**Data shown**
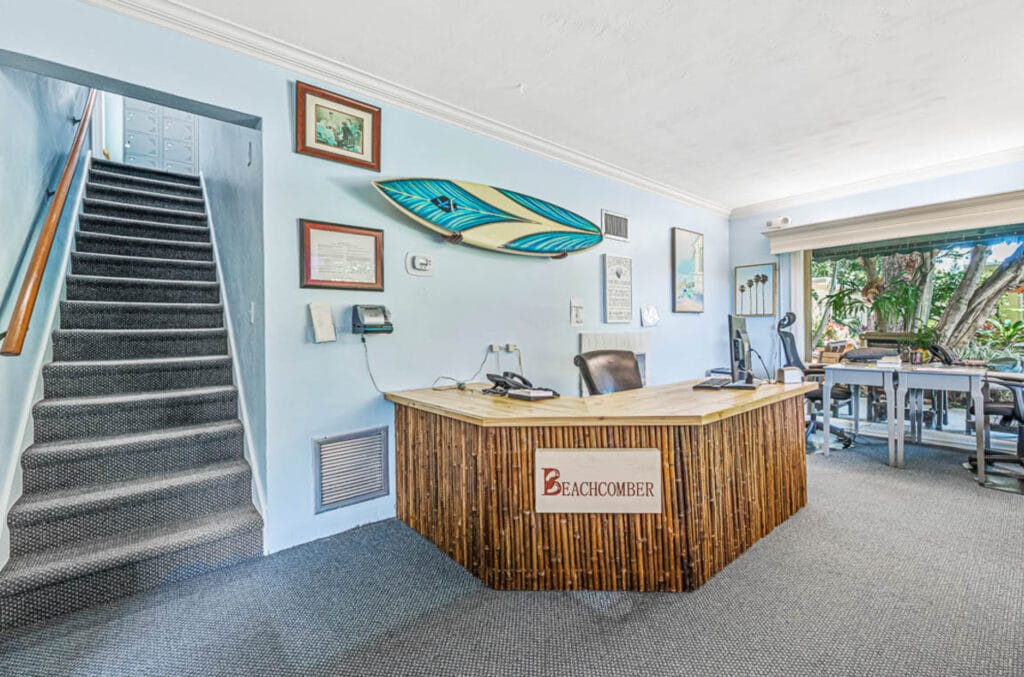 Beachchomber_front office Photo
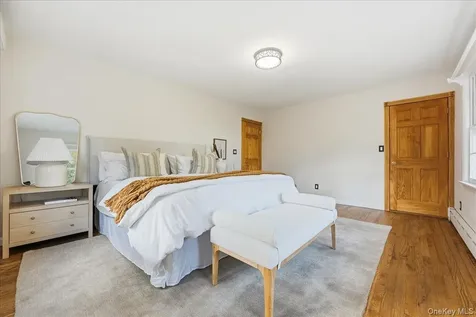 89 Woodsome Road Babylon NY 11702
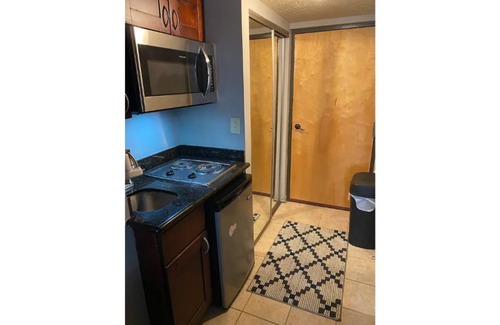 Cleveland Apartment | CAL KING BED, FREE PARKING PASS FOR 1 CAR, BY DOWNTOWN & CLINIC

**What is needed**
Please reproduce the listing exactly, leaving out any pictures.

**Task result**
 Beachchomber_front office Photo
 89 Woodsome Road Babylon NY 11702
 Cleveland Apartment | CAL KING BED, FREE PARKING PASS FOR 1 CAR, BY DOWNTOWN & CLINIC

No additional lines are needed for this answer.